I'm sorry, but how does a State vs State statistic demonstrate that rural drivers drive less or more than urban drivers? I don't see the connection.

I live rural - not that far from Melbourne, but rural. My work commute is 120km per day, my partner's work (local) is 45km per day, and the school drop off/pickup (no bus) is 50km per day, and just to go get milk or bread is 12km return. We clock up at least 60,000km per year between us just going about our work/school/life. And that is not unusual for the people who live in our area. In fact, other neighbours do more km. My Tesla clocked up 20,000km around its 6 month birthday.

Does the average metropolitan family do 60,000km per year?

I don't even consider myself to be particularly rural.
 
The real question is whether your 12km bread is any good. Instead of living rural vs suburban vs urban, perhaps you could rate the various breads you get on a bread quality index scale of 1/10, 10 being the best. Then you divide the distance to the bread by the bqi. So if your 12km bread is bqi=10 German dark rye multigrain, freshly baked daily, that bread is really only 1.2km away. But if it's a bqi=1 white spongy toast bread baked a decade ago and frozen in an indonesian warehouse since then, it really is 12km away.
 
I'm sorry, but how does a State vs State statistic demonstrate that rural drivers drive less or more than urban drivers? I don't see the connection.

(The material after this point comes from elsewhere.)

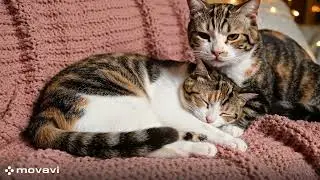 SweetCats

I live rural - not that far from Melbourne, but rural. My work commute is 120km per day, my partner's work (local) is 45km per day, and the school drop off/pickup (no bus) is 50km per day, and just to go get milk or bread is 12km return. We clock up at least 60,000km per year between us just going about our work/school/life. And that is not unusual for the people who live in our area. In fact, other neighbours do more km. My Tesla clocked up 20,000km around its 6 month birthday.

Does the average metropolitan family do 60,000km per year?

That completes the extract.